When he was 19 he joined the Navy on March 9, 1938. In his spare time aboard the U.S.S. Arizona, he painted watercolors of ships and sent them home to his parents in Wisconsin.
Mr. Ehlert was killed in the Japanese attack on Pearl Harbor, Dec. 7, 1941. He was a signalman and petty officer third class.
He was born on Feb. 8, 1919, in Sheboygan, Wisconsin, to Russian immigrants Casper and Anna Ehlert. The father, a foundry worker, died when the boy was three. His mother, a homemaker, remarried the next year to another Russian immigrant, John Richter.

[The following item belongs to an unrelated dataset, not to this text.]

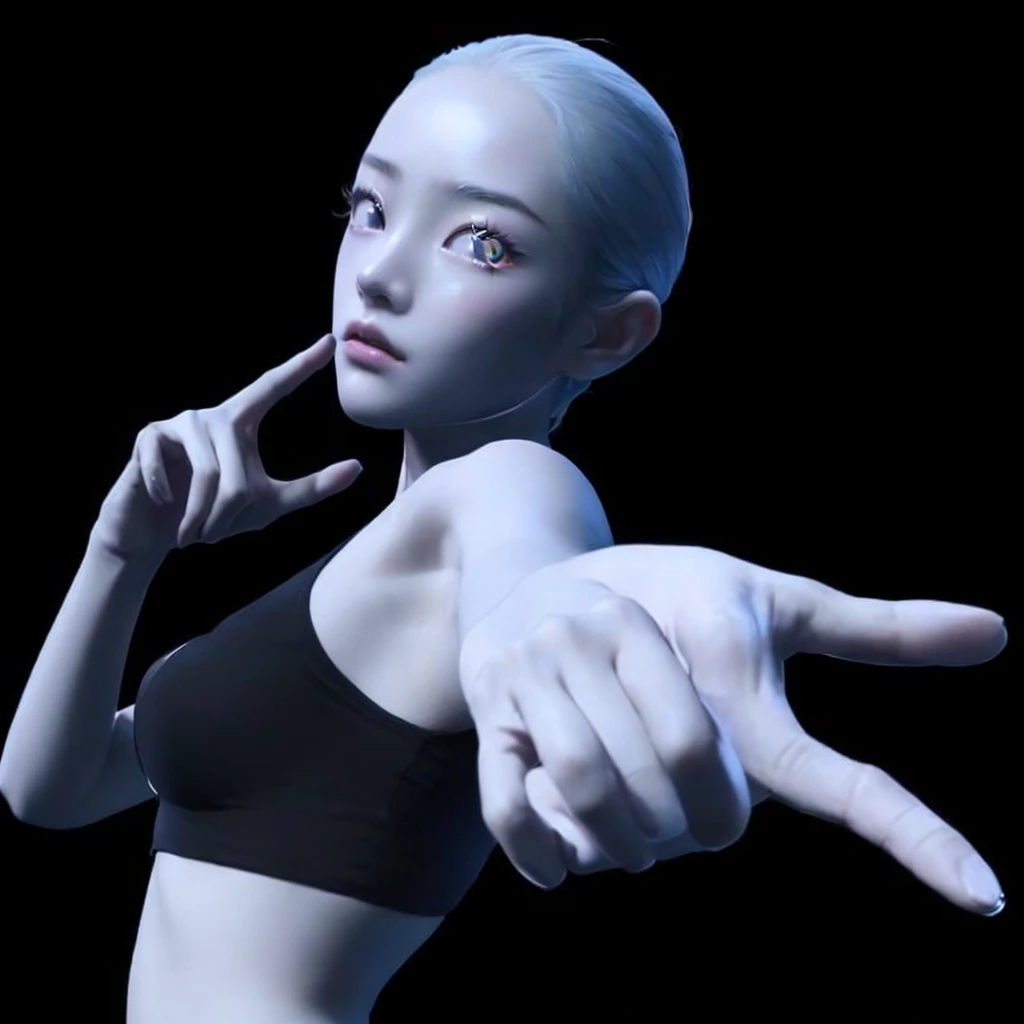 a closeup of Shuhua with a finger on her lips, character posing, thinking pose, expressive pose, frenetic dance pose, anime pose, dramatic thinking pose, animation character, to put, creepy pose, gesture, digital character, pose casual, defaulto put neutral expression, fighting pose, pudica pose gesture, Modeling in Poser, serpentine pose gesture, Shuhua de g idle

The young Mr. Ehlert attended Trinity Lutheran School and graduated from Central High in 1937. He worked for the Civilian Conservation Corps, a Depression-era federal jobs program. The CCC, as it was known, employed single men 18 to 25 to plant trees, build roads and trails and make other improvements to public land, forests and parks. The men lived at camps across the country and were provided a bed and three meals a day. Of their $30 monthly pay, $25 was sent to their families. He served in Co. 604 at Lowell, Idaho.
On the 60th anniversary of his uncle’s death, Alex Ehlert Jr. told a reporter for the Sheboygan Press that Casper might have become a great painter. “He had talent, there’s no doubt. But we’ll just never know.
“For all of those boys who didn’t come back, we’ll just never know.”